### Work required
The answer must consist solely of the lines from the one containing "The Kensington Slim" through the last line of the records, set down exactly and without any pictures.

•••

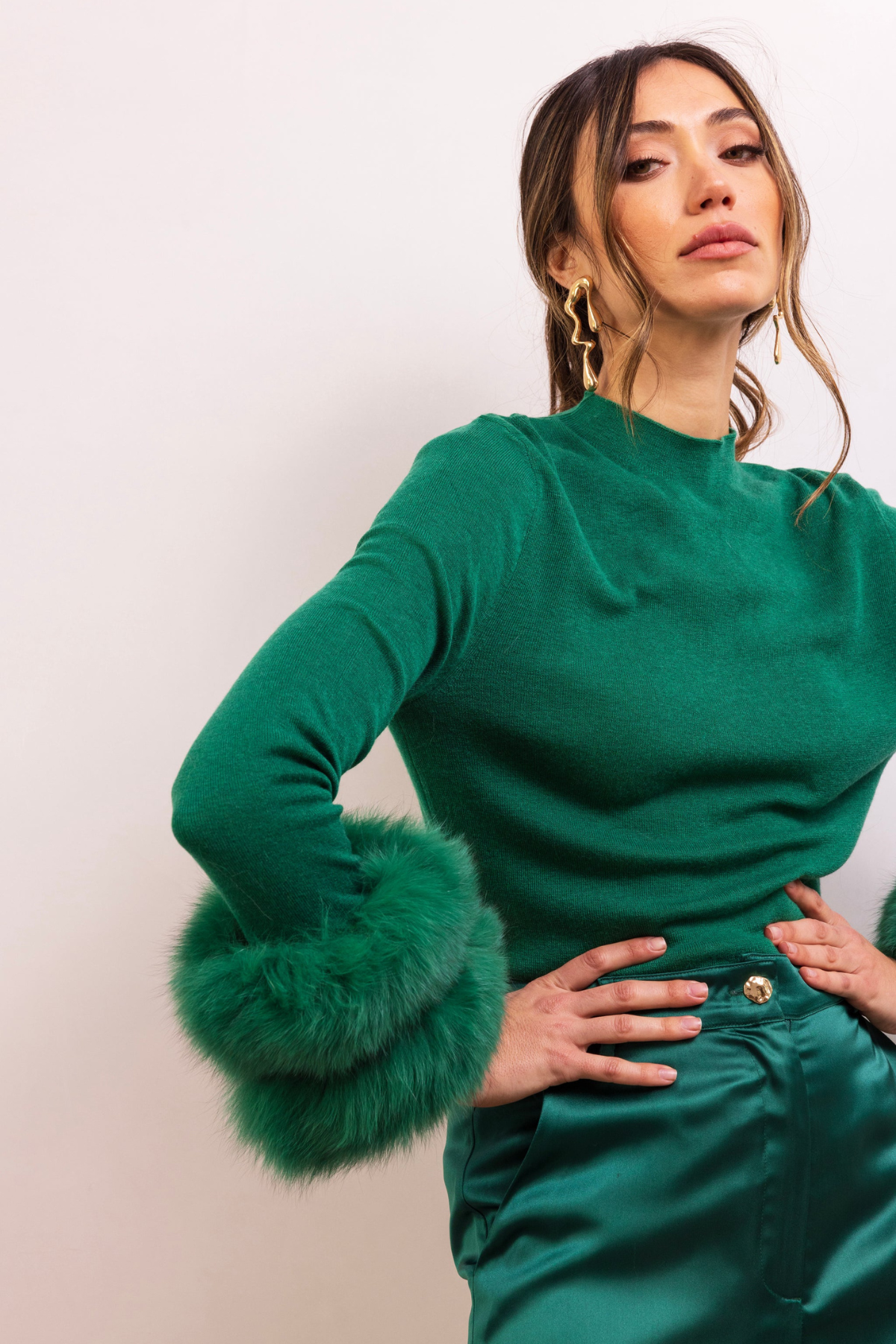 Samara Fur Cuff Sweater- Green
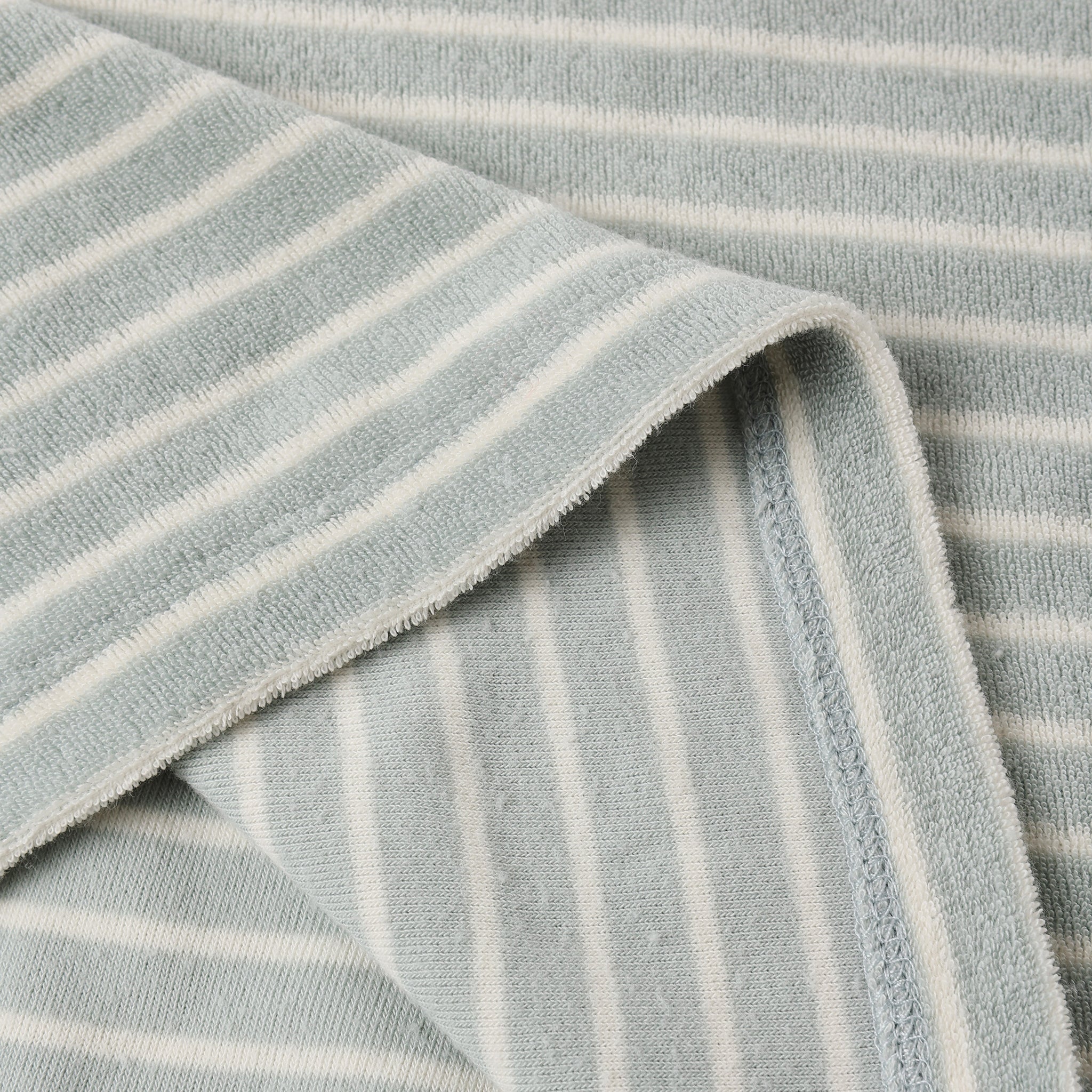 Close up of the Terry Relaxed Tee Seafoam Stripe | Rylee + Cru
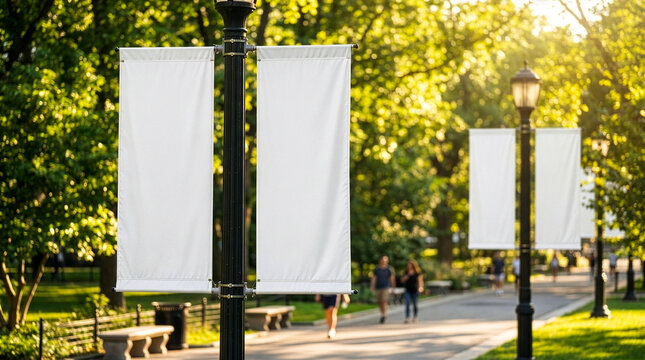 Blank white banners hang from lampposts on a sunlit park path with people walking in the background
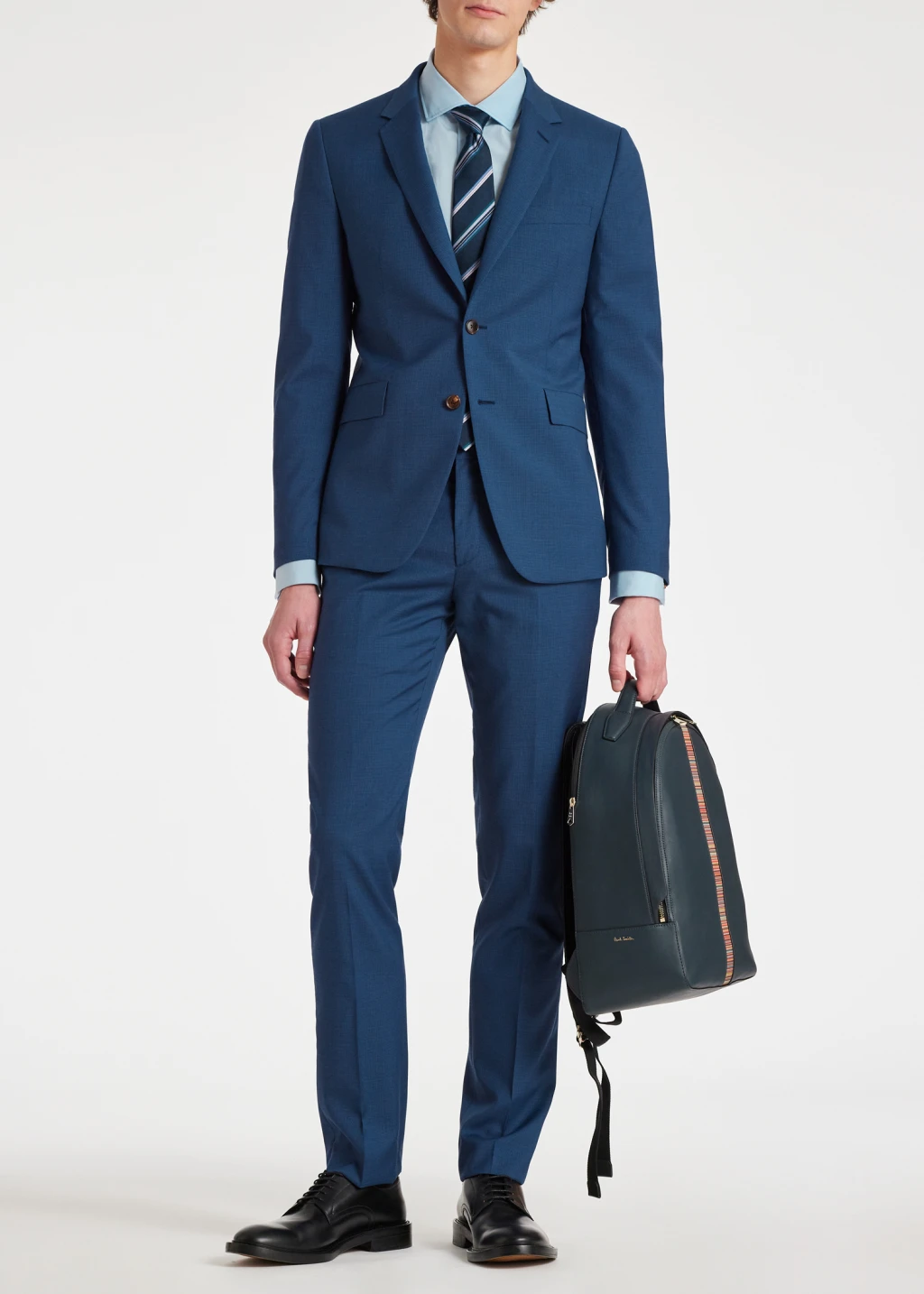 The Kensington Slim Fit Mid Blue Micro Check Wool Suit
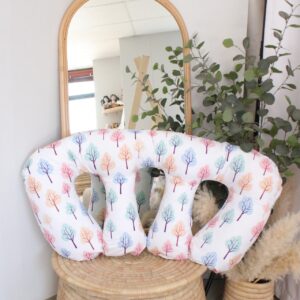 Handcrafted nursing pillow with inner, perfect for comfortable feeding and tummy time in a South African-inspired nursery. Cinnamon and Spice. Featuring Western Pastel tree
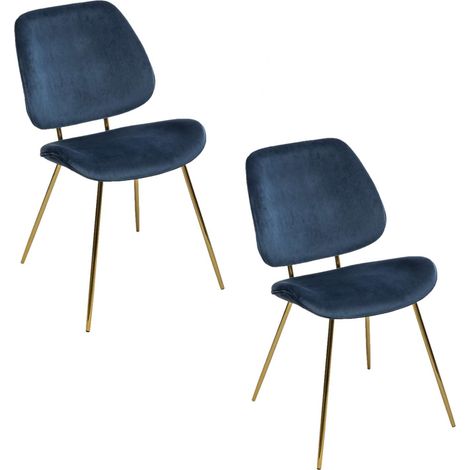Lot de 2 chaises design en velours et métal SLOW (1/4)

•••

### Answer to the exercise
 The Kensington Slim Fit Mid Blue Micro Check Wool Suit
 Handcrafted nursing pillow with inner, perfect for comfortable feeding and tummy time in a South African-inspired nursery. Cinnamon and Spice. Featuring Western Pastel tree
Lot de 2 chaises design en velours et métal SLOW (1/4)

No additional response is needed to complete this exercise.